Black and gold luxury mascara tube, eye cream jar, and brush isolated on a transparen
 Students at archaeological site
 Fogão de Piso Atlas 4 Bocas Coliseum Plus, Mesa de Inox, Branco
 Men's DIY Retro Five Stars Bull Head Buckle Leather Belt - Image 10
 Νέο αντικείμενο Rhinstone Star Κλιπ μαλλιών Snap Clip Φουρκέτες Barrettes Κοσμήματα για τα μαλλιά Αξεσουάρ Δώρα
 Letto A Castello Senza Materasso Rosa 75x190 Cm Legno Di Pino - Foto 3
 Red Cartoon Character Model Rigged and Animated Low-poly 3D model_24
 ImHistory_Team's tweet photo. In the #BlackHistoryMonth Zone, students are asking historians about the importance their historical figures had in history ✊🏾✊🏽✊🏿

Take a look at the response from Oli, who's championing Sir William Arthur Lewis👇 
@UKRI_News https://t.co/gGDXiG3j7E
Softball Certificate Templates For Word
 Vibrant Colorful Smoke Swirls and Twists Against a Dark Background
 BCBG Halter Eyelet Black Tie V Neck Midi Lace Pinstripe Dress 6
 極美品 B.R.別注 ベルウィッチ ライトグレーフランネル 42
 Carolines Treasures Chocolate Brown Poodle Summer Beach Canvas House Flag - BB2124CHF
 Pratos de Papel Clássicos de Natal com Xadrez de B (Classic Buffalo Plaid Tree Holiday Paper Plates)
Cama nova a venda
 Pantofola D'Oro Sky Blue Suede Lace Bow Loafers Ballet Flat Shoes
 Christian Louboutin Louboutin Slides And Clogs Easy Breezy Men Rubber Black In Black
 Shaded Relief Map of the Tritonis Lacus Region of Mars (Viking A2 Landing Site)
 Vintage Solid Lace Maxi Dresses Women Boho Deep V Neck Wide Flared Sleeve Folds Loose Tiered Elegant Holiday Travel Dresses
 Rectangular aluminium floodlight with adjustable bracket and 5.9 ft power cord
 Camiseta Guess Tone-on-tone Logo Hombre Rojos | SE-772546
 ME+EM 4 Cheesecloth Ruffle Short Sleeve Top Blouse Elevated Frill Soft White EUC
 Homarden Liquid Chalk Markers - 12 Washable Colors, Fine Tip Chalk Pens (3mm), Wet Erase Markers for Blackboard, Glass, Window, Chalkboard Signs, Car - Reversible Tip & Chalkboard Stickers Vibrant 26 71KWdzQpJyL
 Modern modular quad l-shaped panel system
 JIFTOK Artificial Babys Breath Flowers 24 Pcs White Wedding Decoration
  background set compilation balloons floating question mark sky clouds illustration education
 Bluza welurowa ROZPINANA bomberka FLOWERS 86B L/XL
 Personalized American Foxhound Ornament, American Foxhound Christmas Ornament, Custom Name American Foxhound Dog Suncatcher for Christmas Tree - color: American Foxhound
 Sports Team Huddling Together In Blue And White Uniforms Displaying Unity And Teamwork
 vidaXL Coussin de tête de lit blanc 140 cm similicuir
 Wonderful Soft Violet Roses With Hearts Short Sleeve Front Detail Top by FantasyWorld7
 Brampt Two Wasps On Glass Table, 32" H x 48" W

[Task]: Up to the line containing "Sports Team Huddling", skip everything; from that line through the last line above, return each line exactly.

[Answer area]:
 Sports Team Huddling Together In Blue And White Uniforms Displaying Unity And Teamwork
 vidaXL Coussin de tête de lit blanc 140 cm similicuir
 Wonderful Soft Violet Roses With Hearts Short Sleeve Front Detail Top by FantasyWorld7
 Brampt Two Wasps On Glass Table, 32" H x 48" W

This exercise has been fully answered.